La décision fait polémique à Harare. Jusque-là, M. Sanyatwe occupait le poste de commandant de la brigade de la garde présidentielle. Des analystes zimbabwéens perçoivent cette décision comme une façon pour le chef de l’Etat zimbabwéen de renforcer son emprise sur le pouvoir.
D’après eux, cette décision est intervenue dans un contexte de craintes croissantes d’un éventuel coup d’État par d’anciens alliés. Ces analystes affirment que M. Mnangagwa tente de renforcer sa position en remaniant les dirigeants de l’armée, de la police et des services de renseignement.

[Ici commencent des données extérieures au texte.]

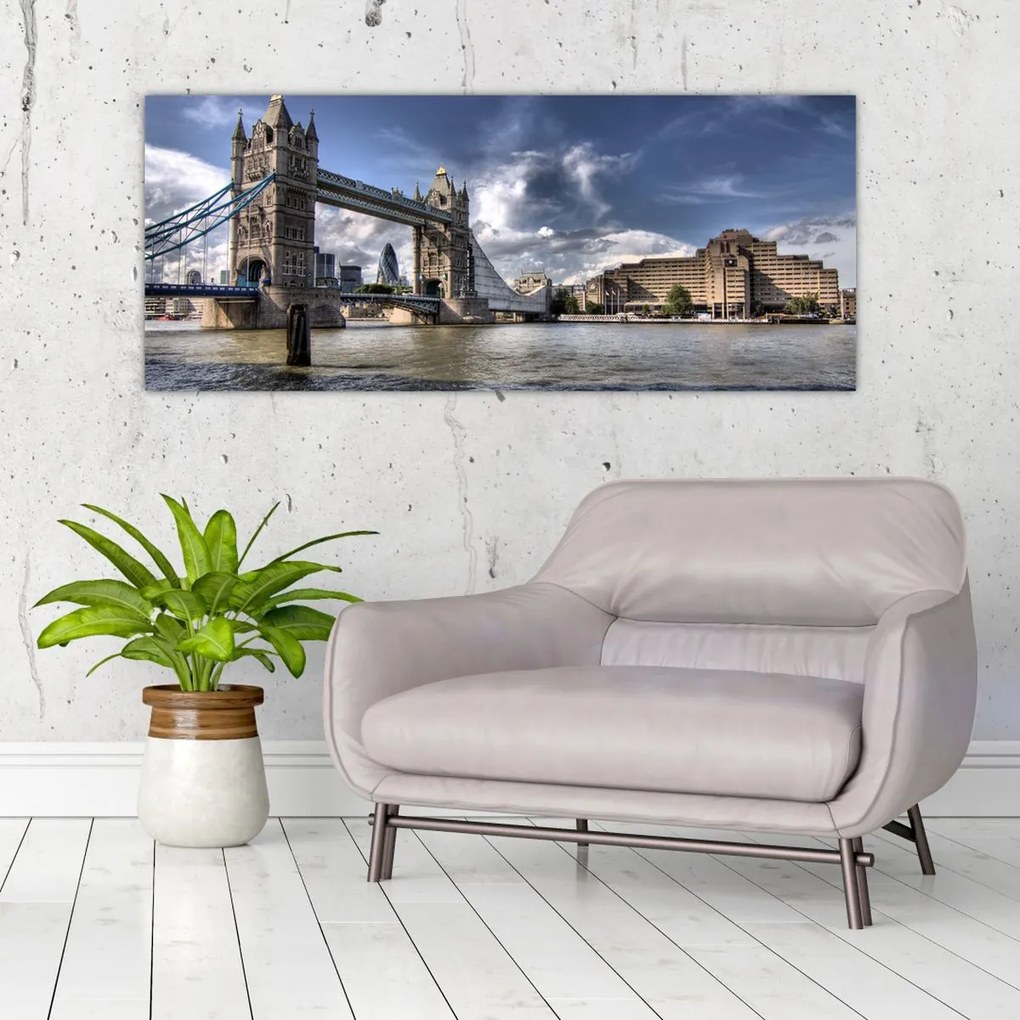 Tablou - Tower Bridge din Londra (120x50 cm)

Arrivé au pouvoir après le coup d’État militaire de 2017 contre Robert Mugabe, M. Mnangagwa est aujourd’hui contesté. Et même au sein de son propre parti, le ZANU-PF. Le 31 mars, des vétérans de la guerre d’indépendance appellent à manifester pour exiger sa démission. Ils l’accusent d’avoir aggravé la crise économique et de chercher à prolonger son mandat au-delà de 2028.
Ces vétérans de guerre anti-Mnangagwa veulent le remplacer par Constantino Chiwenga, général à la retraite qui a mené le coup d’État contre Mugabe. Actuellement, il est vice-président du pays. Alors que leur âge avance, les vétérans de la guerre d’indépendance restent influents dans la politique du Zimbabwe. Ils conservent des liens étroits avec ses chefs de sécurité après avoir combattu à leurs côtés pendant la lutte de libération.
Proche allié de Chiwenga, Anselem Sanyatwe a été nommé ministre des Sports, en remplacement de Kirsty Coventry, élue présidente du Comité international olympique le 20 mars.
Dans son précédent rôle de chef de la garde présidentielle sous Robert Mugabe, M. Sanyatwe a joué un rôle clé dans le coup d’État de 2017. Il a également supervisé le déploiement de soldats, qui ont abattu six personnes et en ont blessé de nombreuses autres lors des troubles post-électoraux d’août 2018.